Functional and pathway analysis of candidate genes associated with immune response to bovine mastitis

Functional enrichment analysis, using geneontology.org, was performed on the 16 candidate genes to determine the molecular functions, biological processes and cellular components the genes are involved in as described14,59, with slight changes. Using the fold enrichment of greater than 100, the false discovery rate (FDR) of < 10−5, and the p-value of < 10−7, we catalogue the biological processes and cellular components. The molecular functions were selected based on the following criteria; fold enrichment > 100, FDR < 0.001, and the p-value was < 0.01. To validate these findings, we carried out functional analysis with Database for Annotation, Visualization and Integrated Discovery (DAVID)60, using the same parameters as stated previously. Results common in both programs were used for further analysis. Significant pathways were generated using KEGG program algorithms with fold enrichment of > 40, while the p-value and FDR were < 10−4.
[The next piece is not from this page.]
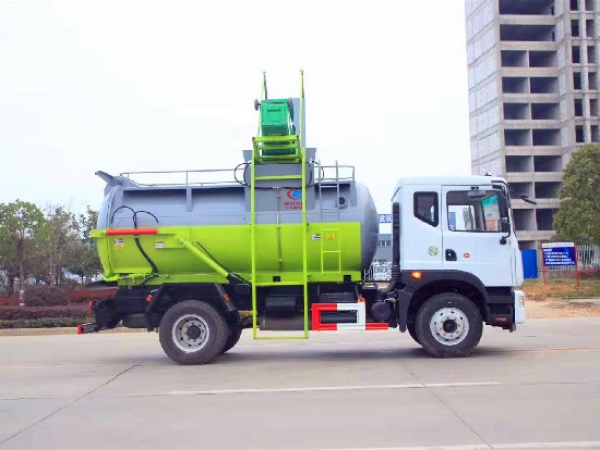 東風(fēng)10立方餐廚垃圾車(chē)圓罐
Sequence conservation analysis of significant miRNA and lncRNA

Using miRBase61, candidate miRNA sequences were retrieved and ascertained using BLAST against cow, dog, cat, pig, human, gorilla, chicken, goat, rat, megabat, horse, mouse, wild yak, sheep, and chimpanzee for conservation analysis (Table S1). MEGAX62 and MultiAlin63 were used to align miRNA sequences from each species to determine the regions of conservation and construct a phylogenetic tree. The tree was exported as a Newick text-file and uploaded to iTOL64 for further editing. Furthermore, lncRNA sequences extracted from NONCODE were compared using multiple sequence alignment and phylogenetic analyses to detect evolutionary profile across 15 species using MEGA X. The phylogenetic trees were also imported to iTOL for further editing and visualization.
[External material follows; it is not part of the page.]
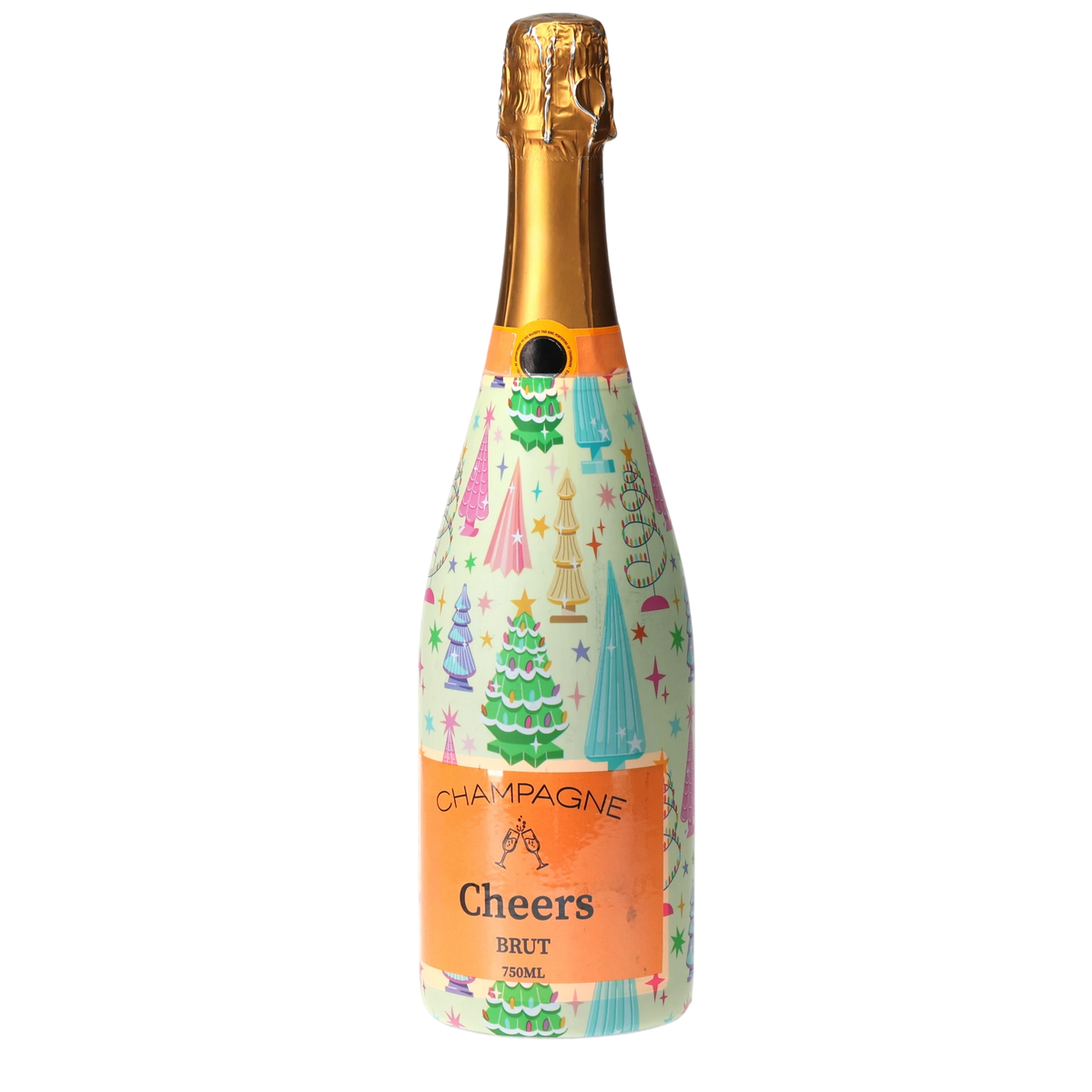 Christmas Tree Champagne Bottle Wrap – Holiday Gift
Prediction of lncRNA-miRNA interactions associated with bovine mastitis pathogenesis

We hypothesized that a complementary base pairing or binding of miRNA and lncRNA would be an important mechanism to manipulate the regulatory elements involved in immune response to bovine mastitis. To do this, we predicted the possible miRNA binding sites on the lncRNA sequences and determine their normalized binding free energy (ndG) based on the complementary base pairing, using LncTar19. Furthermore, miRNA, lncRNA, their target genes, and the biological processes were connected on a critical network using Cytoscape version 3.7.2, as described previously54,65.

Combined interactome network of lncRNAs, miRNAs, TFs and immune gene targets

To provide information on the connectivity as well as to identify the molecular mechanisms for gene regulation between the candidate genes, miRNAs, lncRNAs, and TFs, we created an interactome network with Cytoscape software, version 3.7.2. Network of different nodes were created based on all identified RNAs, TFs and associated pathways, while the network edges determine the relationship between the regulatory elements and pathways. Our interactome modeling took the advantage of modeling information in process pathways of Database for Annotation, Visualization and Integrated Discovery (DAVID), Gene ontology (GO) and KEGG (www.genome.jp/kegg), creating new global biological associations within the dataset.